### About this task
Give again only the lines from the line that holds "TX license plate BGA6703" to the end of the data, inclusive, omitting all pictures.

### Records for the task
= = =
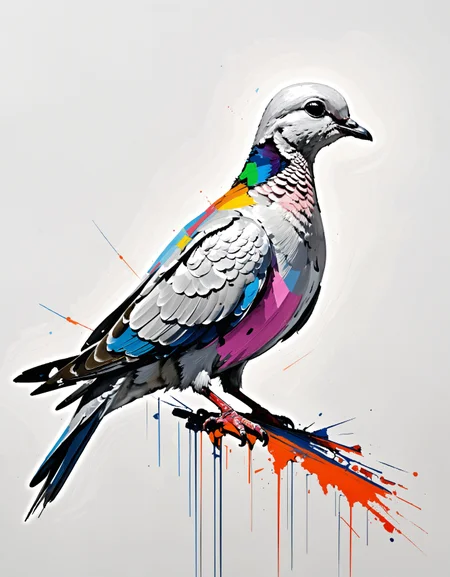 zavy-ngtvpnt, negative space, minimalism, painting, Cubo-futurism, (Eurasian Collared-Dove:1.1) , Hideous, Panorama, pioneering the use of light and color, continuation of his father's style, detailed linework, exotic scenes, Contemporary realism, globalization, painterly, shiny, professional fine composition, highly contrasted, lush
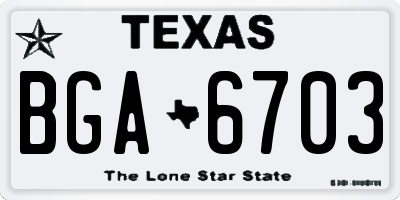 TX license plate BGA6703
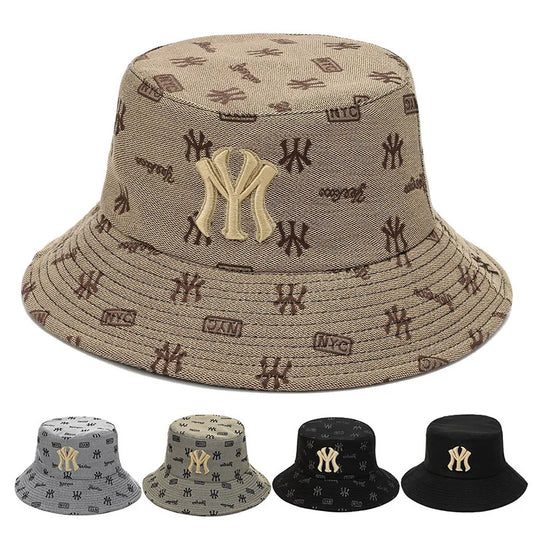 Vintage MY Embroidery Bucket Hat NYC Designer Luxury Women Men Outdoor Sun Cap Fashion Couple Flat Beach Fisherman Caps DP072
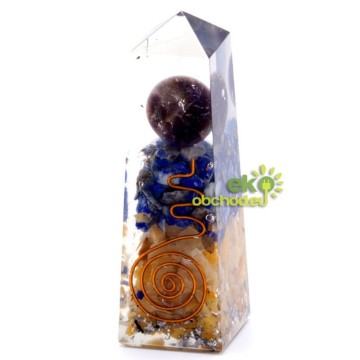 Orgonitový obelisk s lapisom a avanturínom - 9cm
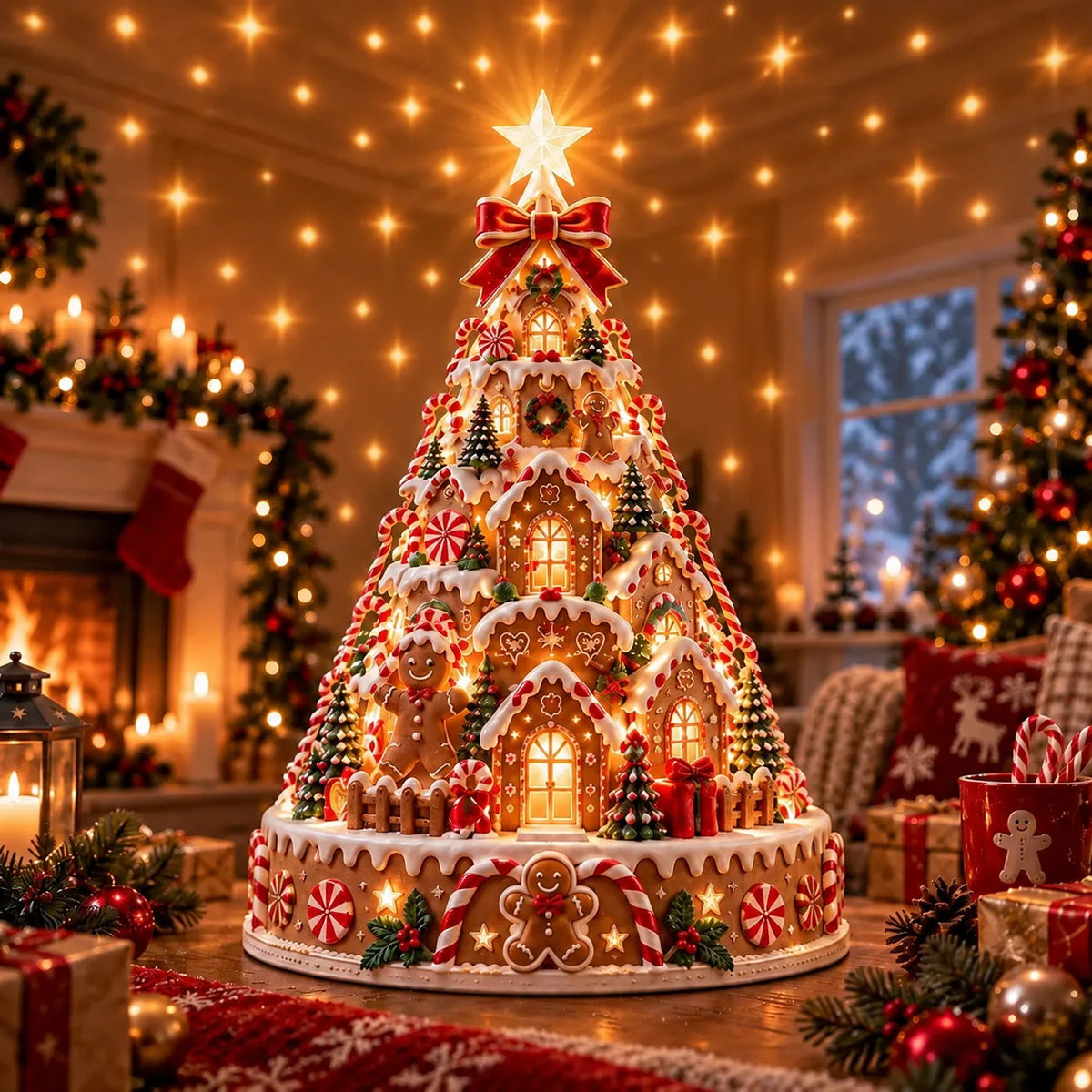🎄Christmas Village Projection Centerpiece – 4 Themed Villages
= = =
### Task solution
 TX license plate BGA6703
 Vintage MY Embroidery Bucket Hat NYC Designer Luxury Women Men Outdoor Sun Cap Fashion Couple Flat Beach Fisherman Caps DP072
 Orgonitový obelisk s lapisom a avanturínom - 9cm
🎄Christmas Village Projection Centerpiece – 4 Themed Villages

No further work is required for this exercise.